John Bull was employed in the household of Prince Henry in 1610, together with Angelo Notari and Thomas Lupo, a nephew of Peter Lupo. In 1613 he fled to the continent: according to Bull himself, for religious reasons. An official letter, however, claims that Doctor Bull "did in that dishonest matter steal out of England through the guilt of a corrupt conscience, to escape the punishment, which notoriously he had deserved, and was designed to have been inflicted on him by the hand of justice, for his incontinence, fornication, adultery, and other grievous crimes." Nonetheless, Bull was reputed to be a phenomenal keyboard player. His widespread fame brought a need for display pieces, and his keyboard music, which forms by far the most extensive part of his output, was described as "excellent for the hand." The King’s Hunt is a set of vigorous and original variations on a ground bass, using off-beat chords, fast scale passages, and rapid-fire repeated notes to dazzle his listeners.
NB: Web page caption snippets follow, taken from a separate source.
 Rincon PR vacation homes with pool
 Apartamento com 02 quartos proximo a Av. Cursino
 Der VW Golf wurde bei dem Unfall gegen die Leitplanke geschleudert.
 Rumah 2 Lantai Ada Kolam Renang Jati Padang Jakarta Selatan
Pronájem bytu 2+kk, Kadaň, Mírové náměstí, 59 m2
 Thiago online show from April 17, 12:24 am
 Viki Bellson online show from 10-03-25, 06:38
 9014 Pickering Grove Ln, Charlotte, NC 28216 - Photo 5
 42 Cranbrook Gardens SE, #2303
William Byrd is perhaps the most well-known composer of keyboard music on this program. He had an exceptionally long musical career, 60 years. His keyboard music exists only in printed collections, the first of which to appear was My Lady Nevells Book in 1591, which included the Earle of Oxfords Marche, also titled The Marche before the Battell. The Earl of Oxford was a Catholic, as were all of Byrd’s closest associates and patrons. The Queenes Alman is Byrd’s set of variations on La Monica, a tune of extreme popularity, already introduced on this program in a version by Angelo Notari. Peregrine Bertie, Lord Willoughby of Eresby, one of the bravest and most skillful soldiers of his time, had distinguished himself in the Low Countries in 1586, and in the following year, on the recall of the Earl of Leicester, was made commander of the English forces. Lord Willoughby’s Welcome Home was presumably written to commemorate this event. The tune, also known as Rowland, was as popular in the Netherlands as in England, and continued to be so until long after Lord Willoughby’s death in 1601. Three French Corantos are settings of French chansons.
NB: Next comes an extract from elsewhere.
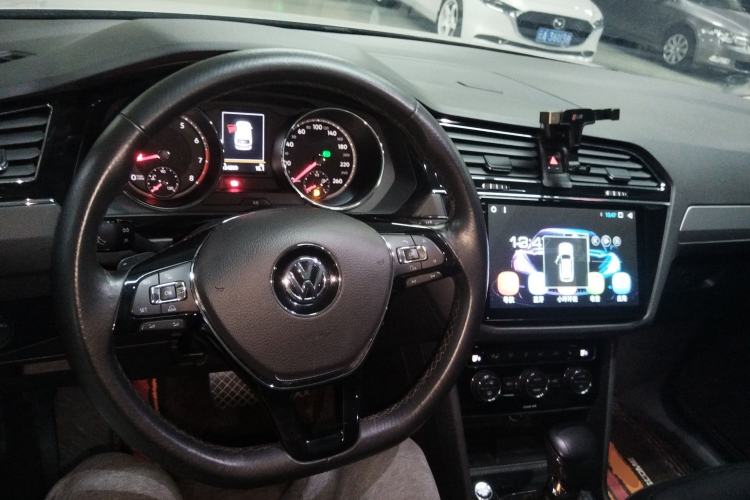 Used Volkswagen Tiguan L 2018 380TSI Automatic All-Wheel Drive Luxury Edition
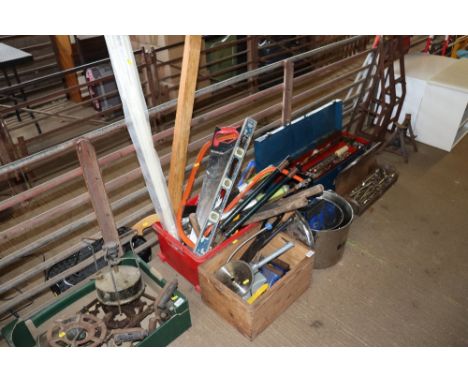 Two boxes and a bread bin of various tools to include a bench vice, saws, telescopic pruners, level etc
Little is known about the English composer and organist, William Inglott. The Leaves bee greene, also known by the title Browning, is one of the two pieces which represent him in the Fitzwilliam Virginal Book. The title derives from a couplet underlaid to each statement of the tune in one source of Byrd’s five-part setting of Browning: ‘The leaves be green, the nuts be brown, they hang so high they will not come down.’

Paul’s Steeple, or The Duke of Norfolk, is frequently mentioned under both names. The steeple of the old Cathedral of St. Paul was proverbial for height. In 1561 the steeple was set on fire by lightning, burnt down, and was never reconstructed. Mr. Payne Collier printed a balled, written on the occasion of the fire, and it seems to have been intended for the tune:

Lament each one the blazing fire,
That down from heaven came,
And burnt S. Powles his lofty spire
With lightning’s furious flame.
Lament, I say,
Both night and day,
Sith London’s sins did cause the same.

All in a Garden Green is a song which was popular in England and on the continent, familiar in settings of William Byrd and Jan Pieterszoon Sweelinck. The version on this program is our own.